In their work on ‘Black Transparency’, Metahaven describe an “indispensable, hydra-headed, chaos-mongering powerhouse,”[ix] not a unified entity but an architecture of counter-surveillance and subversion built in part by WikiLeaks, Anonymous and others, whose activities are characterized by the redirection, hoarding and re-circulating of previously privileged information—what Metahaven call “a public redistribution of goods of the state.” Unlike the NSA, which plugs holes as it mines them, leaving only smooth, shiny surface, the amorphous Black Transparency takes up temporary residence in gaps, blind spots and “legal and political loopholes of the states whose legitimacy it opposes,” exploiting darkness to evade detection as it works to bring the hidden to light.
12.
Or: not to bring “to light”—which can blind, sterilize, white out—but to transparency.
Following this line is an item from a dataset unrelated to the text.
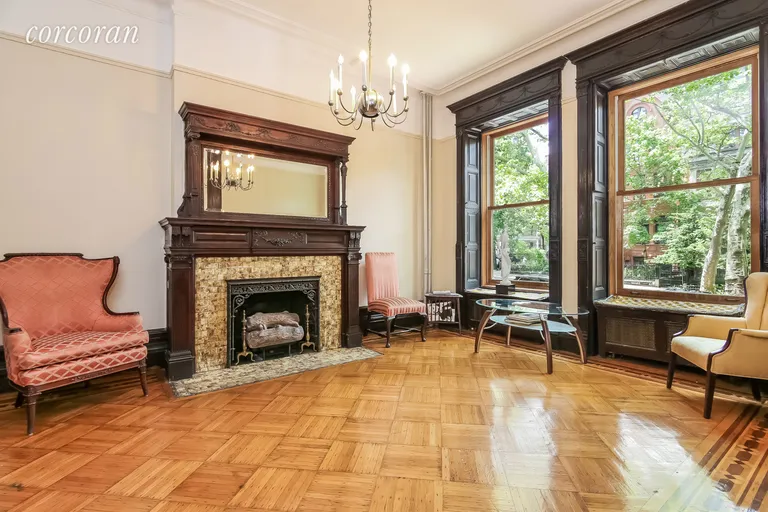 New York City Real Estate | View 327 Convent Avenue | room 3 | View 4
To make clear: to make not just visible, but legible.
13.
In The Image of the City, Kevin Lynch argued that a successful city is a legible one, comprised of recognizable symbols that can be easily grasped. “It must be granted that there is some value in mystification, labyrinth, or surprise in the environment,” he writes. “[But] there must be no danger of losing basic form or orientation, of never coming out…”[x] Lynch’s emphasis on the readily apparent and the illuminated as the basis for autonomous movement and discovery discounts a certain potentiality that is only present in disorientation, indeterminacy and darkness. A city can’t be just a tunnel, but it can’t be just a bridge, either. Underground space, hidden space, empty space, dark space, holey space[xi] has existed historically as much as a threat to order and safety as a space of resistance and protection. Douglas Coupland recently wrote: “the fear of a glossy sheen is actually the fear that the surface is the content.”[xii] A hole is potent because it offers no clues as to its content, if it has any, at surface level. Anything could be down there, and everything probably is.
14.
Two rooms for the holes where no light goes: the kitchen and the bathroom, where we connect our holes to the holes of humanity’s most essential shared infrastructure, plumbing. Except, in these rooms, our process is paradoxically reflected back at us in the gleam of porcelain, metal and glass, a tenuously closed loop of domestic “privacy,” denying the dark, hidden, communal space of our refuse. If a bathroom dreams, perhaps it sees itself rendered at last in the negative image of what its shininess works to deny. In an unpublished text titled ‘Notebook from the Apocalypse’, Tom Melick describes such a state: “A sublime mess in the bathroom. Oddly, plastic bath animals with oversized eyes—a fish, a frog, a hippopotamus, a crocodile and so on— are delicately placed amongst the most cosmic dispersal of shit imaginable… The substance has otherworldly dimensions and does not submit to any known laws. No drain will swallow it. It overwhelms every sponge, wet-wipe, mop and squeegee…The fish, frog, hippopotamus, crocodile and so on keep grinning from atop the muck, saying nothing. Do they know the secret of living, happy and loftless, in base materialism shit?”[xiii]
15.
We are repeatedly reassured that the NSA has more shit on its hands than it knows what to do with. When Wittgenstein describes a black mirror, he observes that its darkness is at once reflective, transparent and opaque; that that which is seen in it “does not appear ‘dirty’ but ‘deep’.”[xiv] The formlessness of big data, the hole, is also a barrier of indeterminate density, like the surface of a black mirror, perhaps the last thing deflecting our complete exposure.
16.
The Monterey Bay Aquarium’s footage of the barreleye shows it floating motionless at 600 to 800 meters below sea level, where all light from the surface fades to black. At such depths, the dark contains everything, even clarity.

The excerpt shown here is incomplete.